An old Doberman starts chasing rabbits and before long, discovers that he's lost.

Wandering about, he notices a lion heading rapidly in his direction with the intention of having lunch.
The old Doberman thinks, "Oh, oh! I'm in deep shit now!
Noticing some bones on the ground nearby, he immediately settles down to chew on the bones with his back to the approaching cat.

Just as the lion is about to leap, the old Doberman exclaims loudly,
"Boy, that was one delicious lion! I wonder if there are any more around here?

Hearing this, the young lion halts his attack in mid-stride, a look of terror comes over him and he slinks away into the trees.
"Whew!," says the lion, "That was close! That old Doberman nearly had me!
Meanwhile, a squirrel who had been watching the whole scene from a nearby tree, figures he can put this knowledge to good use and trade it for protection from the lion. So, off he goes.

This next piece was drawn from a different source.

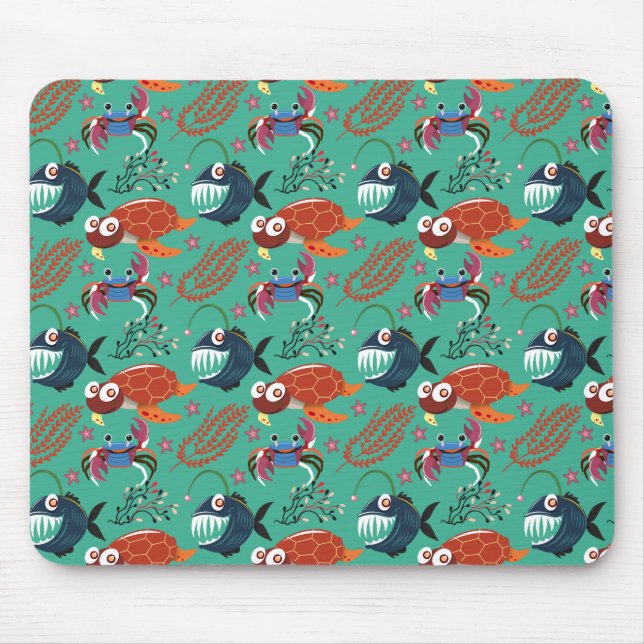Aquatic animals pattern | ocean underwater life 33 mouse mat (Front)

The squirrel soon catches up with the lion, spills the beans and strikes a deal for himself with the lion.
The young lion is furious at being made a fool of and says, "Here, squirrel, hop on my back and see what's going to happen to that conniving canine!
Now, the old Doberman sees the lion coming with the squirrel on his back and thinks, "What am I going to do now?," but instead of running, the dog sits down with his back to his attackers, pretending he hasn't seen them yet, and just when they get close enough to hear, the old Doberman says..
"Where's that squirrel? I sent him off an hour ago to bring me another lion!

Moral of this story
Don't mess with the old dogs... Age and skill will always overcome youth and treachery!
Bull Shit and brilliance only come with age and experience.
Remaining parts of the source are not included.